Com o início do período de defeso, em 5 de novembro, as autoridades ambientais de Mato Grosso do Sul intensificaram as operações de fiscalização para proteger os recursos hídricos e garantir a reprodução das espécies aquáticas no estado. A Polícia Militar Ambiental (PMA), em parceria com o Instituto do Meio Ambiente de Mato Grosso do Sul (Imasul) e o Comando de Policiamento Rural, tem realizado patrulhas fluviais, inspeções em comércios de pescado e bloqueios terrestres em diversas regiões.
Nas últimas semanas, as equipes de fiscalização realizaram 68 inspeções em peixarias e estabelecimentos comerciais, resultando em três autuações, com multas que somam mais de R$ 11,4 mil, e na apreensão de quase 270 quilos de pescado irregular. As ações visam combater a pesca ilegal e proteger o ciclo de reprodução das espécies no período crítico de defeso, que proíbe a pesca para garantir a sustentabilidade dos ecossistemas aquáticos.

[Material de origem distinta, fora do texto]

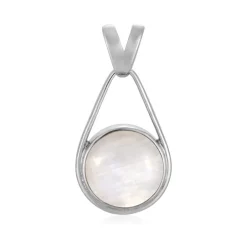 Bihar-Regenbogen-Mondstein-Silberanhänger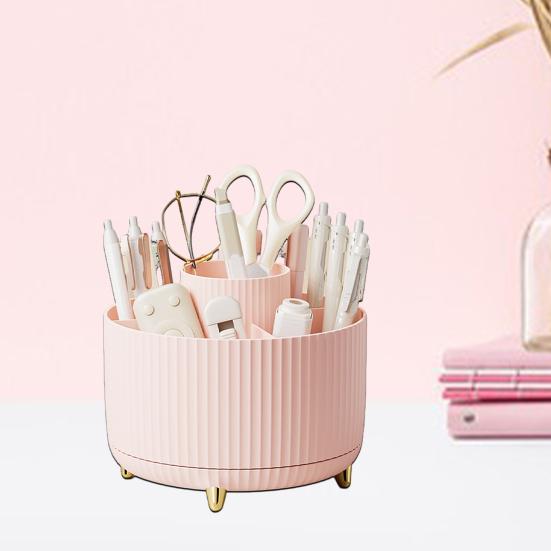 360-Degree Rotatable Cosmetic Storage Box Large Capacity Multiple Compartments Stationery Organizer Makeup Brush Holder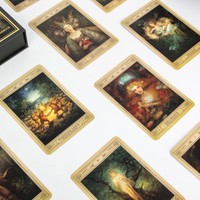 Baraja de Tarot personalizada lámina de oro negro baraja de cartas de Tarot de oro hermoso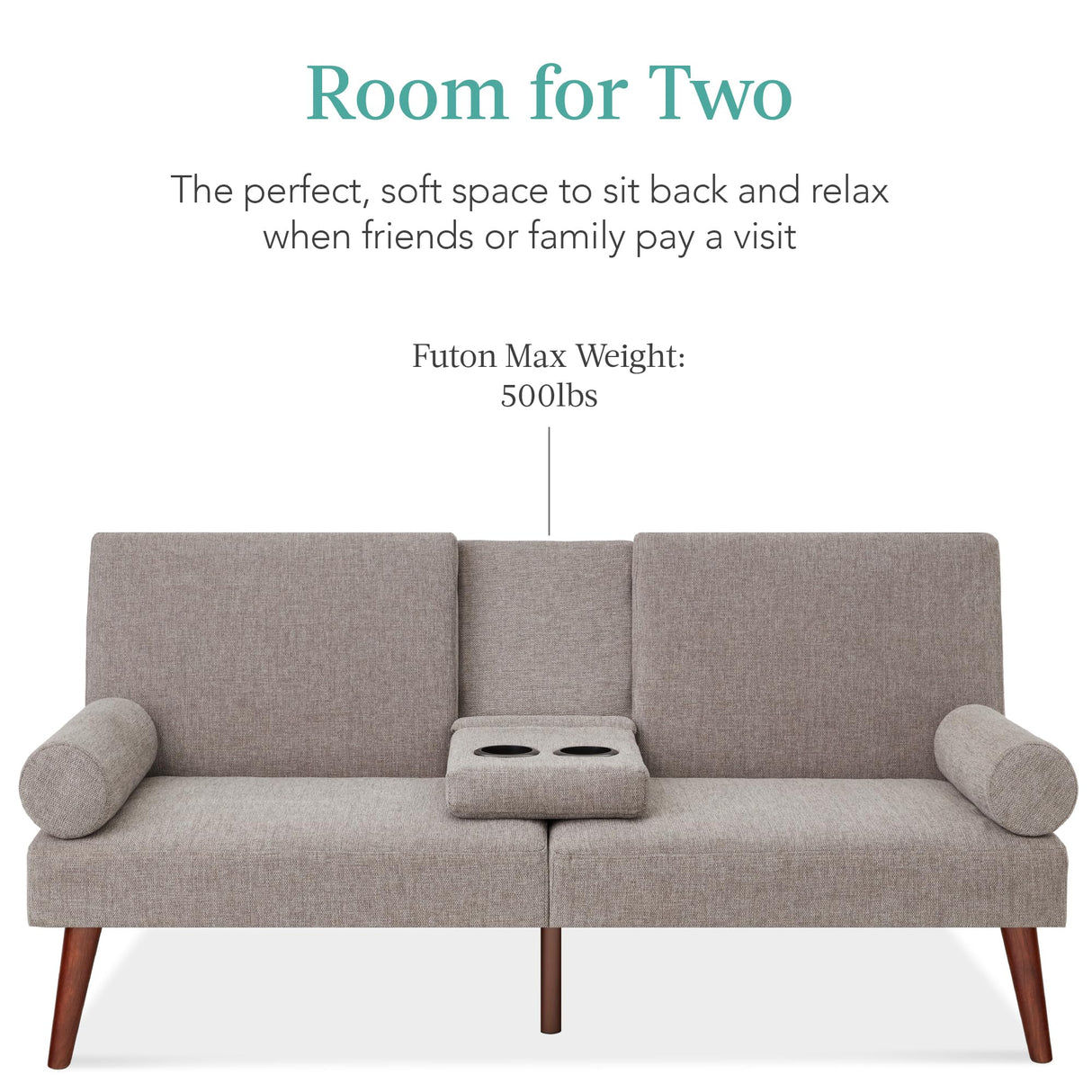 Best Choice Products Mid-Century Modern Upholstered Futon, Convertible Folding Sofa Bed, Small Couch w/Rounded Armrests, 2 Cupholders - Gray Best Choice Products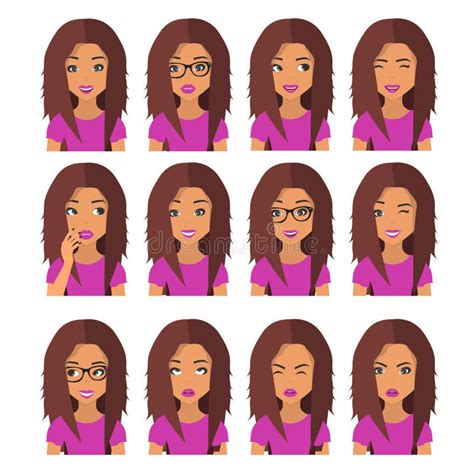 Woman With Chestnut Hair And Emotions User Icons Avatar Vector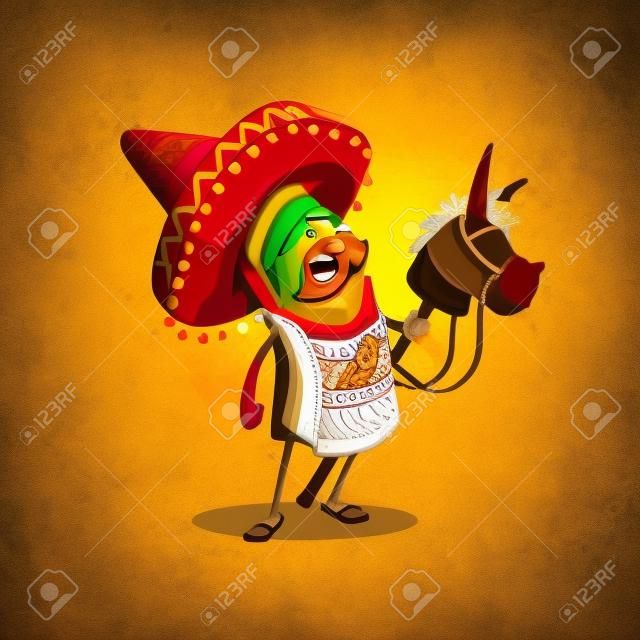 funny character based on the burrito, a typical Mexican food meal accompanied by a burrito and a typical Mexican hat, with a chili on the chest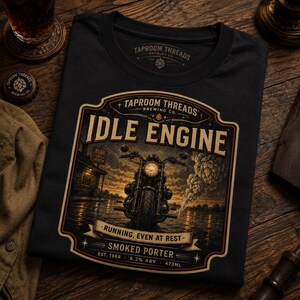 May include: Black t-shirt featuring a motorcycle graphic with the words "IDLE ENGINE" and "RUNNING, EVEN AT REST." The shirt also includes "SMOKED PORTER" and "EST. 1968." The design is in shades of brown, orange, and black.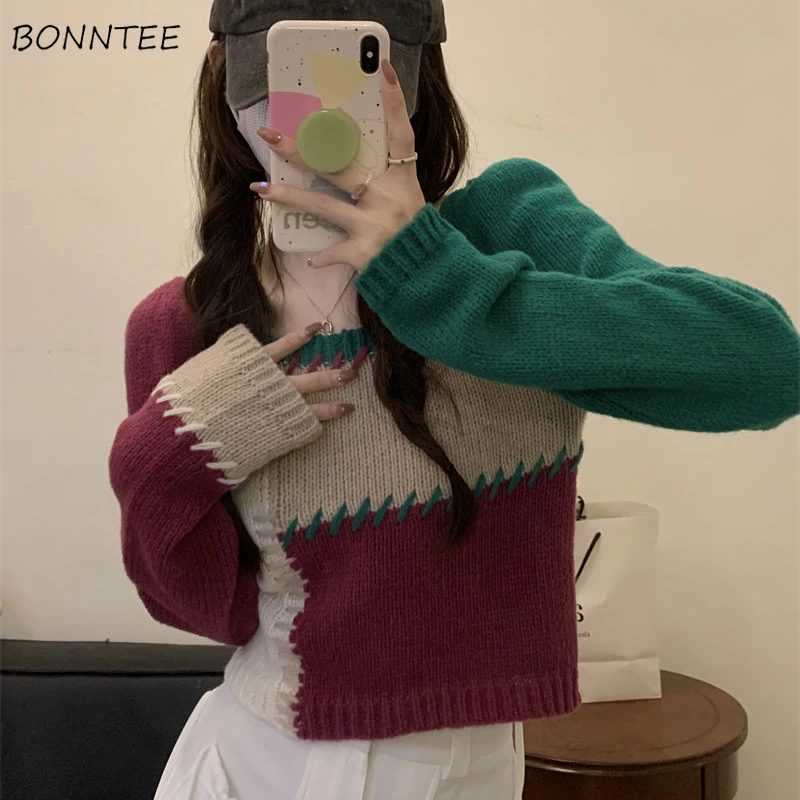 

Spliced Pullovers Women Square Collar Long Sleeve Panelled Soft Knitwear Spring Autumn Retro Slim Short Sweaters Casual Stylish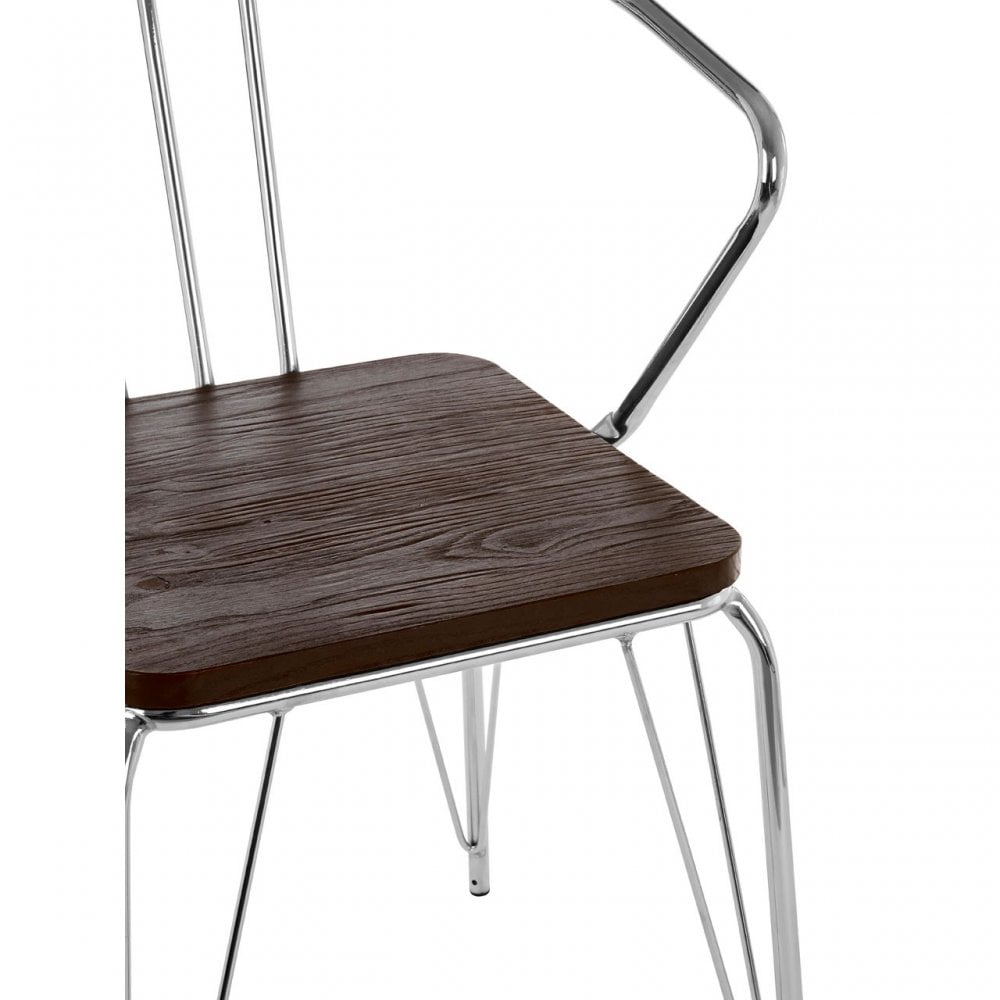 Brock Chrome Metal and Elm Wood Arm Chair, Chromed Elm Wood, Silver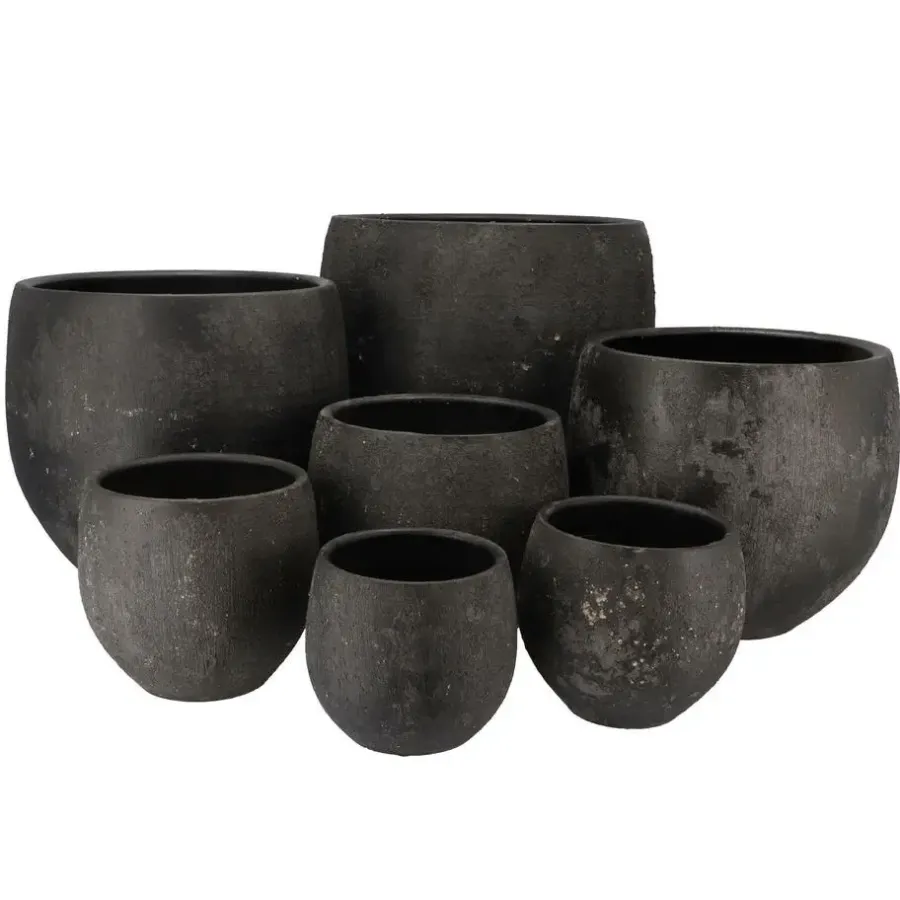 DK Design Bloempot model Maya - verweerd zwart - D32xH35cm - rustiek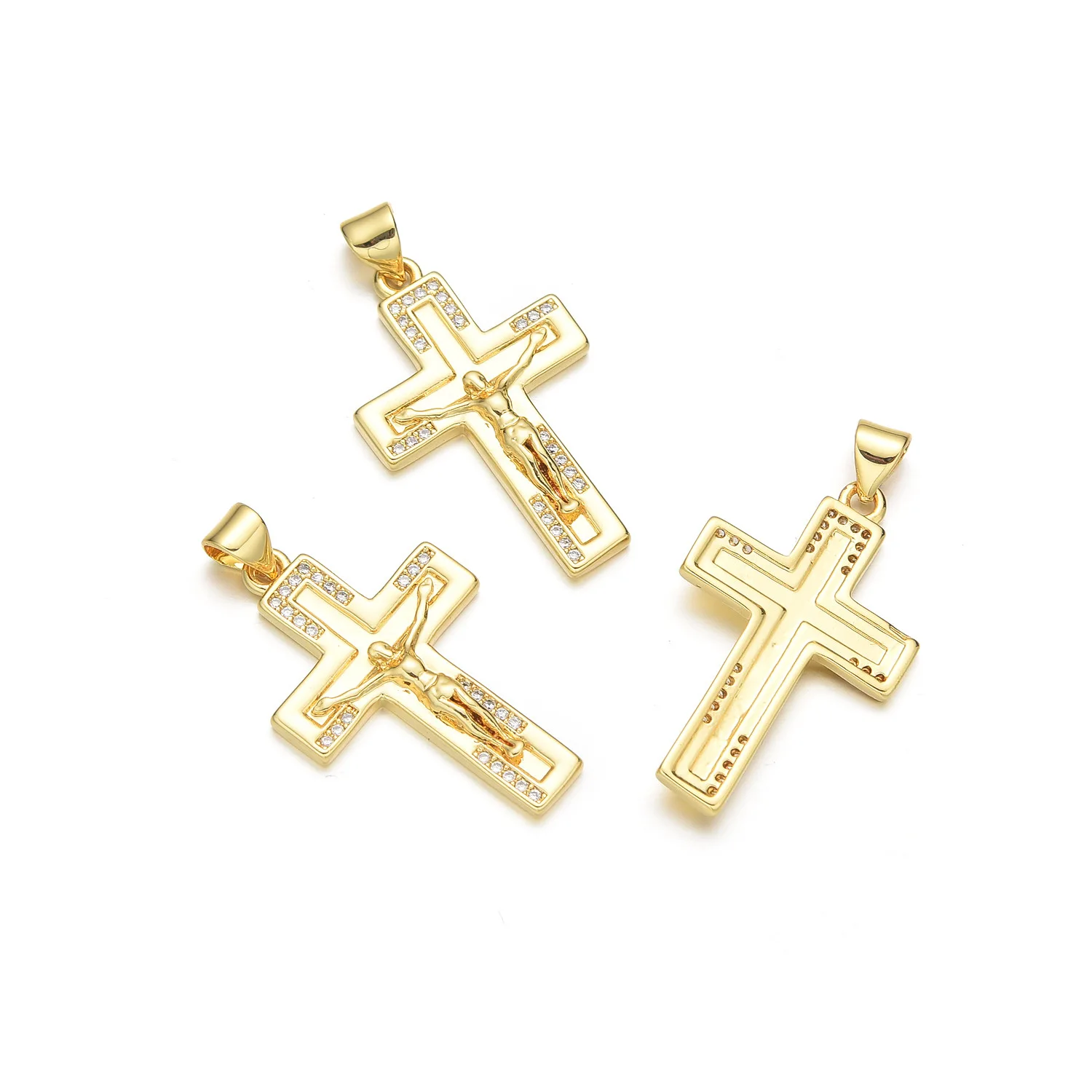 5pcs European and American Virgin Zircon Cross Pendant Accessories DIY Bracelet Necklace Jewelry Production Material Wholesale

Em Aquidauana, as operações de fiscalização foram ainda mais intensas. Em apenas 24 horas, a PMA flagrou três casos de pesca predatória. Um homem foi pego utilizando tarrafa, outro armando anzóis de galho em uma canoa, e um terceiro transportava 12 quilos de pescado de diversas espécies. Todos os infratores foram autuados e os equipamentos de pesca apreendidos.
A pesca ilegal durante o período de defeso causa impactos significativos na biodiversidade do Pantanal, prejudicando a reprodução das espécies e comprometendo a sustentabilidade dos recursos pesqueiros. Além disso, a prática ilegal prejudica os pescadores profissionais que respeitam as leis ambientais, gerando prejuízos econômicos ao setor.
A prática de pesca predatória é considerada crime ambiental, com penas previstas na Lei Federal nº 9.605/1998. Os infratores podem ser condenados a penas de um a três anos de prisão, além de multas que variam de R$ 700 a R$ 100 mil, acrescidas de R$ 20 por quilo de pescado apreendido irregularmente. As autoridades ambientais seguem vigilantes no combate à pesca ilegal para preservar o equilíbrio ecológico e garantir a sustentabilidade do Pantanal.